A combination of the coronavirus quarantine restrictions and a falling market is sparking talk of diversions, delays and disputes about LNG cargoes destined for China.

On Friday, data intelligence analyst Kpler identified at least five LNG carriers which it said have either been diverted from Chinese ports or which are holding off the country’s coastline with cargoes on board.

Brokers said they believe at least one of the vessels, the 155,641-cbm Tangguh Foja (built 2008), which ships cargoes from Indonesia to China, was diverted to Singapore.

Several Qatari-controlled vessels are detailed as waiting off China.

But another of the LNG carriers listed is not due to discharge until Sunday and is not expected to be delayed, according to its owner’s interests.

On a plus note, brokers said Australian energy company Woodside has emerged with a requirement for an LNG carrier to take on spot charter. They expect this ship to be cover for LNG vessels quarantined off Australia.

LNG carrier rates have come under increasing pressure in the last few weeks before the coronavirus hit, on the back of a warmer-than-expected winter season, lower economic demand complicated by falling gas prices, and brokers report another quiet week for fixtures.

Demand for LNG in Asia, where China is one of the biggest buyers of the commodity, was also falling pre-virus but the concerns about the economic fallout from the outbreak are resonating through the LNG market.

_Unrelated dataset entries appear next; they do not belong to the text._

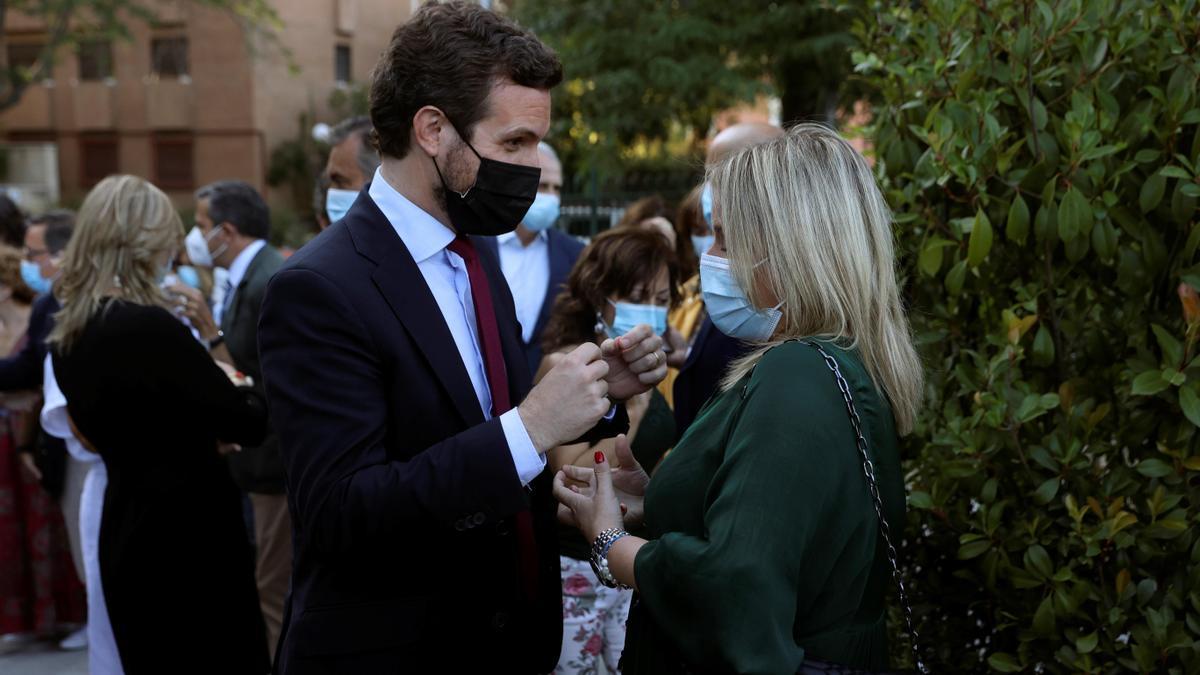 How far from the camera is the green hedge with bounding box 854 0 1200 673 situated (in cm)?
226

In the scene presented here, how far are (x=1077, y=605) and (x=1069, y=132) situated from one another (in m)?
1.06

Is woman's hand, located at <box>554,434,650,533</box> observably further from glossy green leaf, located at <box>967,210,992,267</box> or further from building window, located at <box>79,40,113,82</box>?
building window, located at <box>79,40,113,82</box>

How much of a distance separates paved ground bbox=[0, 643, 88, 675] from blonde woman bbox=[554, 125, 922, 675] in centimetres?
438

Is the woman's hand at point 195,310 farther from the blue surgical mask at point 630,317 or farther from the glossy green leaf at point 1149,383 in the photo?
the glossy green leaf at point 1149,383

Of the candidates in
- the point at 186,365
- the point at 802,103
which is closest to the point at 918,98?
the point at 186,365

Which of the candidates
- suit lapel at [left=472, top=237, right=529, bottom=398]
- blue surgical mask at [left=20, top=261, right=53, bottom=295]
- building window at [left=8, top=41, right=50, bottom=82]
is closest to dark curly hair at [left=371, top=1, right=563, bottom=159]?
suit lapel at [left=472, top=237, right=529, bottom=398]

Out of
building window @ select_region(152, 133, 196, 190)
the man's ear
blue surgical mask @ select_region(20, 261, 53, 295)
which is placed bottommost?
building window @ select_region(152, 133, 196, 190)

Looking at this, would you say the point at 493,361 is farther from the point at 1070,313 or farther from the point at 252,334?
the point at 252,334

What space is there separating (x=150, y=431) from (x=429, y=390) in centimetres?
193

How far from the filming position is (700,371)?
402 cm

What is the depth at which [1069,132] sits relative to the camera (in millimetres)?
2309

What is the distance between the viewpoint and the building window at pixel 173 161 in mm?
28203

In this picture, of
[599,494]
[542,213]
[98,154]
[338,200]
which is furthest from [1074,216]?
[98,154]

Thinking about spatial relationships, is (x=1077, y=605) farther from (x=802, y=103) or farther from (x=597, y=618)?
(x=802, y=103) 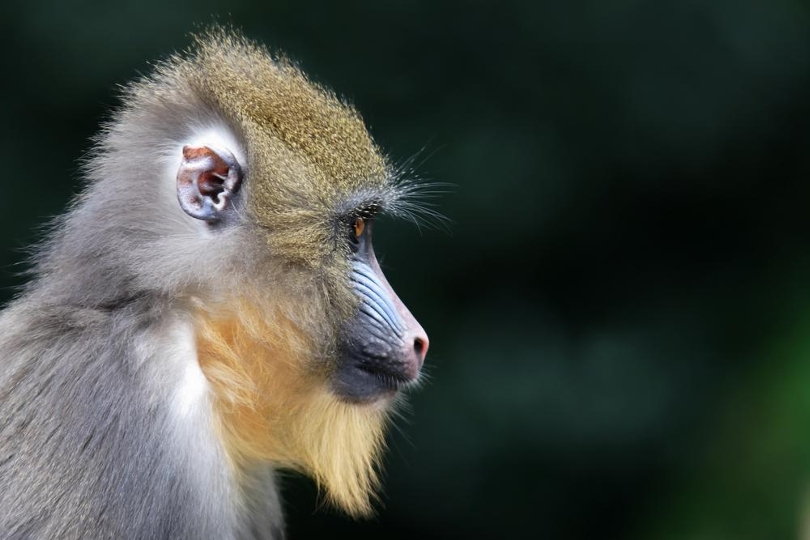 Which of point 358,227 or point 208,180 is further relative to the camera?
point 358,227

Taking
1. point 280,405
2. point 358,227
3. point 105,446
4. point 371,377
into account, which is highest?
point 358,227

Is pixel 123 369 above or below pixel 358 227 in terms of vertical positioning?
below

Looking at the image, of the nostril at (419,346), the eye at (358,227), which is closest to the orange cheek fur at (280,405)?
the nostril at (419,346)

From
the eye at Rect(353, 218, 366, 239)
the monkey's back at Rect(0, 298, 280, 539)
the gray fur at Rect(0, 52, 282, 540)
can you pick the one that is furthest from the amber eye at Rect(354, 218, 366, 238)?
the monkey's back at Rect(0, 298, 280, 539)

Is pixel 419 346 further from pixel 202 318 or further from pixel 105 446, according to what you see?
pixel 105 446

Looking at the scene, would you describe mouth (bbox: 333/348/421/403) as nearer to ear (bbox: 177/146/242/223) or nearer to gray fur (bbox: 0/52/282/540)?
gray fur (bbox: 0/52/282/540)

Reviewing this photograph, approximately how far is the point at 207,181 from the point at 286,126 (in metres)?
0.35

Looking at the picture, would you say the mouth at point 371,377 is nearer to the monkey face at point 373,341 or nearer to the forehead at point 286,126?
the monkey face at point 373,341

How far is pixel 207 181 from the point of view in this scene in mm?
3664

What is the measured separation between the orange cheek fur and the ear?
1.09 ft

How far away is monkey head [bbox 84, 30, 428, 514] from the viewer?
3656 mm

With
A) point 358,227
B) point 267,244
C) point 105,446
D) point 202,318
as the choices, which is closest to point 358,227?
point 358,227

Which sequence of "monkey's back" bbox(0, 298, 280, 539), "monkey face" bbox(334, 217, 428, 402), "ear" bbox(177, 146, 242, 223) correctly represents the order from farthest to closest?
"monkey face" bbox(334, 217, 428, 402) < "ear" bbox(177, 146, 242, 223) < "monkey's back" bbox(0, 298, 280, 539)

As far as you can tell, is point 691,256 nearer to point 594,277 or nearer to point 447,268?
point 594,277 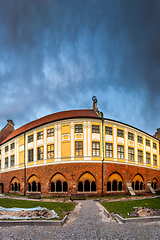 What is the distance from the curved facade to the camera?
25.5 metres

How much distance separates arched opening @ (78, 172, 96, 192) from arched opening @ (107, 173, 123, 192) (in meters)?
2.37

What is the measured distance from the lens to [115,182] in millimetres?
27109

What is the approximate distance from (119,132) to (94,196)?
10.2 m

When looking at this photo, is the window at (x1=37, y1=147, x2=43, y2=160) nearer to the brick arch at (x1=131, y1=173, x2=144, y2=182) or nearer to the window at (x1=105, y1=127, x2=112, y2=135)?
the window at (x1=105, y1=127, x2=112, y2=135)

Brokers pointed out that large volumes of LNG are moved by truck within China which could further depress demand as personnel movements come under fresh limitations in an effort to limit the coronavirus spread.

Consultant Rystad Energy said China’s LNG imports for January fell by 10% year-on-year.

Rystad said it has revised its growth estimate for Chinese LNG demand this year to 4.7%, down from a previous forecast of a 10-13% rise for this year.

“Given the strictest lockdowns of cities and factories, the Chinese government is trying by all means to end the outbreak as quickly as possible, so we see a speedy economic recovery later this year and a return to growth in LNG imports. However, the growth rate is expected to be much lower than previously predicted, mainly due to the industrial sector,” Rystad vice president for gas and power markets Xi Nan said.

Xi described China’s largest gas consumer China National Offshore Oil Corp as “undergoing a heavy hit.”

Bloomberg reported on Friday that energy majors Total and Shell had rejected force majeure claims by CNOOC. This would mean the majors would likely claim compensation if CNOOC cancelled its contracted shipments.

LNG industry players pointed out that the Asia spot price for LNG has fallen to a record $3 per MMBtu, which is well below prices in the range of $9 per MMBtu which Chinese buyers are locked in to pay under their long-term LNG sale and purchase contracts.

“As the spread of the coronavirus does not yet appear to be slowing down, concerns are rising among LNG sellers,” Rystad said. “If more Chinese companies cancel or defer importing LNG volumes from term contracts, and if the spot price then falls further, sellers may face even greater pressure from buyers wanting to renegotiate existing contracts or hesitating to sign new ones.”

Rystad said China has contracts in place to buy 50 million tonnes per annum (tpa) of LNG from Australia, Qatar, Malaysia, Indonesia, Russia, Papua New Guinea, the US and portfolio players, and would likely need to buy another 12 million tpa this year.